Fine. Look at it one year from now and figure out what it's supposed to
do. Especially if there's a bug related to it.

I'm with you on this one. Since the OP did mention "elegance",
comments about it are certainly on topic. But more generally,
if someone is adopting a bad approach, pointing this out to them
is generally more useful than finding a way to make the bad
approach work.

And of course, if the OP wants to be, and remain, gainfully
employed... Such code violates the coding guidelines of every
company I've worked in in the last 15 years or so, and people
who violate the coding guidelines aren't allowed to work on
code. (In the US, I imagine that they would be fired, but in
Europe, firing someone is a bit more difficult. On the other
hand, in general, "Ve haf vays to make you quit".)
Oh, and personal attacks like that really make me want to pay attention
to what you say.

Personal attacks are what one uses when one has no legitimate
arguments.
After 20 years of developing, debugging and
maintaining C and C++, I would loudly proclaim (and have done so -- in
the presence of said author) that the anyone who put code like that into
production should be shot.

I'm against capital punishment, but otherwise, I agree.
 
D

dave_mikesell

All I know is that if you worked for me, and you wrote code like that,
you'd get exactly one warning, and the next time you'd be fired.

All I know is that if I worked for a person who constantly held the
threat of firing over his employees' heads instead of teaching them
how to do things better, I'd quit.
 
J

James Kanze

We're probably OT from the OPs question,

Very. I've cross-posted to comp.std.c++, and set follow-ups
there, since that's really where the discussion belongs. (It's
something the standard should probably address, so that
implementors know what is required, but that no reasonable
programmer should be concerned with, since such cases won't
appear in his code.)
but I'm
unclear what you mean. Do you mean the words should have
used "otherwise" or something like that (myself, now that
I read the words, I'd have preferred "only" or something like
that too probably as well as otherwise).

To tell the truth, I'm not too sure myself. The problem is
trying to figure out what should happen, according to the
standard, if you enter the if statement by jumping over the
evaluation of the condition.
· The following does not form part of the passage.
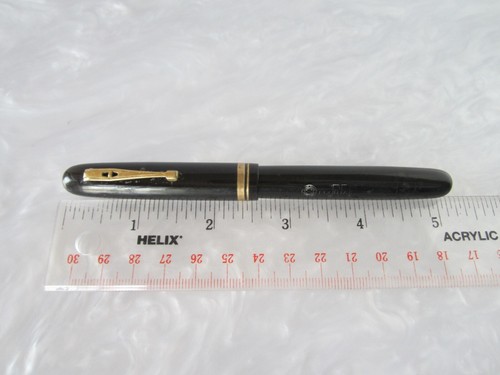 RARE NICE VINTAGE K S & CO. “BEST” FOUNTAIN PEN WITH THE HARDEST IRIDIUM NIB - Bild 19 von 20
The words I quoted could be taken
to suggest that on encountering the else, the condition must be
evaluated in order to determine whether the else part is to be
executed or not. (Note that I'm quite sure that this is not
the intent.) Something should be said to make it clear that 1)
the condition is only evaluated when the statement is entered
from the top, and 2) EITHER when the execution encounters the
else part (because it is executing in the if part), it skips it,
OR entering an if statement other than from the top is undefined
behavior.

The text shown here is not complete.